# [GIVEN INFORMATION]
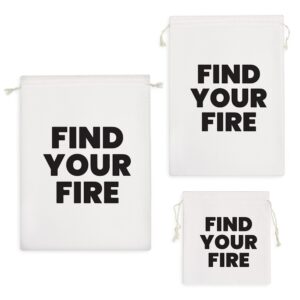 کیسه نظم دهنده Find Your Fire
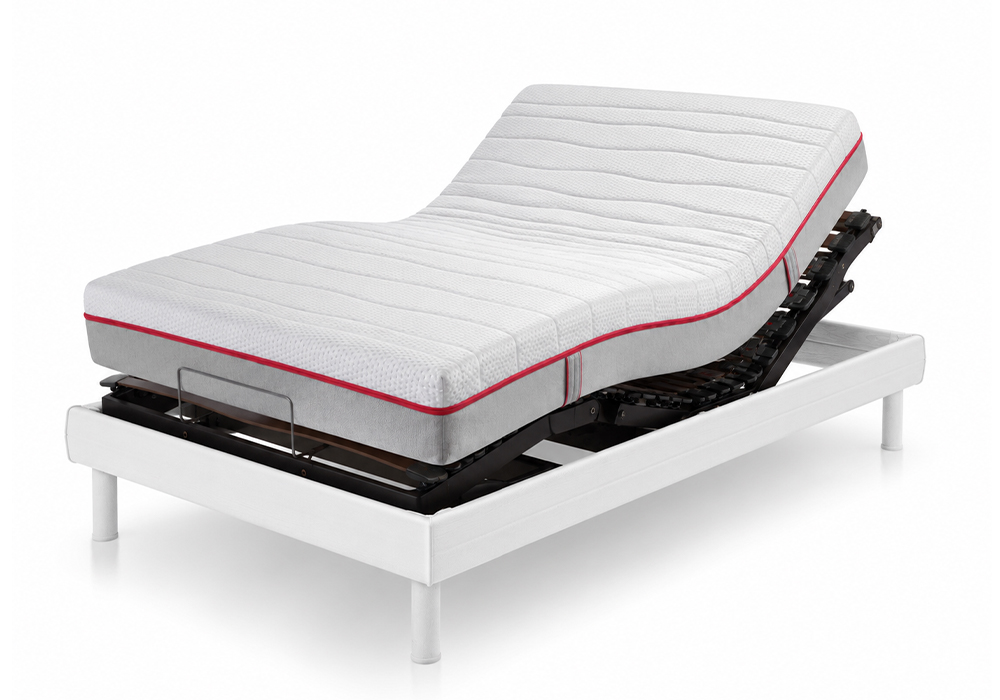 Pack articulado O-Hybrid PRO COOL
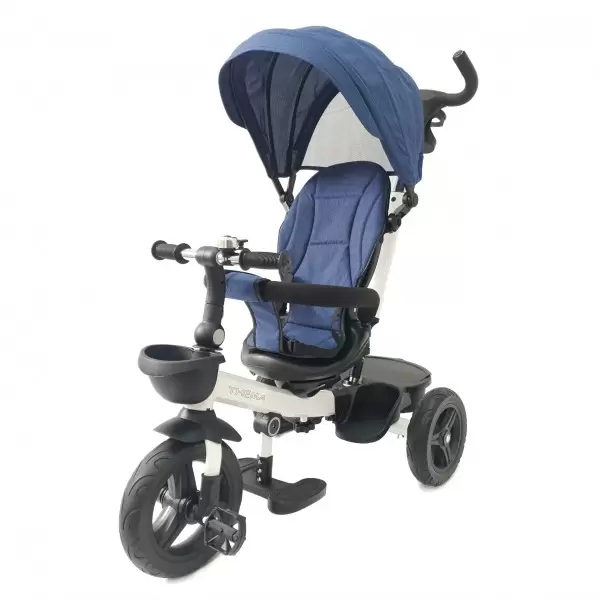 Tricikl za decu TS-307 plavi - proizvod na akciji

# [WHAT TO PRODUCE]
Leaving out every picture, extract verbatim the lines from the one containing "Pack articulado O-Hybrid PRO COOL" through the last line of the listing, inclusive.

# [TASK RESULT]
 Pack articulado O-Hybrid PRO COOL
 Tricikl za decu TS-307 plavi - proizvod na akciji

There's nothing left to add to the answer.